Delanne sabia muito bem quão poderosa é a força da
intolerância, do fanatismo e da paixão, por isso na Introdução do seu livro “ Pesquisas sobre a Mediunidade “ datada de 25 de fevereiro de 1900, escreveu:
“A luta é inflamada e,
provavelmente, será longa, de vez que os prejuízos religiosos e científicos se
mostram obstinados. Insensivelmente, porém, a evidência acaba impondo-se. Temos
agora a convicção de que a grandiosa certeza da imortalidade se tornará uma
verdade científica, cujas consequências benfazejas, fazendo-se sentir no mundo
inteiro, mudarão os destinos da Humanidade.”
Noutro ponto dessa Introdução, salientava, bem inspirado,
que a Física moderna, o magnetismo, o hipnotismo, a sugestação verbal ou
mental, a clarividência, a telepatia e o Espiritismo, todos esses conhecimentos
novos conduzem irresistivelmente o homem para o Além.

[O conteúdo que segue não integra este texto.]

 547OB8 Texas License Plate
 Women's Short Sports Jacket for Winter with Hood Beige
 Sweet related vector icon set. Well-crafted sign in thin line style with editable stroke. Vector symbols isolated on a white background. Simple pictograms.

O surto evolutivo, em geral, no século XX, tem sido
espantoso, especialmente no que se relaciona com a Ciência, que nesses últimos
anos atingiu uma proporção verdadeiramente geométrica. A Física e a Química, a
partir da desintegração atômica, passaram a liderar as conquistas do saber
humano. Por isso não será fora de propósito
dizer que a obra “ A Evolução Anímica”, publicada em
1895, é mais um atestado eloqüente das verdades do Espiritismo, e coloca a
personalidade do seu autor num pedestal que bastante o dignifica.
Muitos conhecimentos científicos, expostos pelo autor,
sofreram, no correr dos anos, uma natural transformação e progresso, o que,
entretanto, não invalidou o vigor e a firmeza dos conceitos espirituais
emitidos por Delanne, mas, antes, vieram afirmá-los cada vez mais.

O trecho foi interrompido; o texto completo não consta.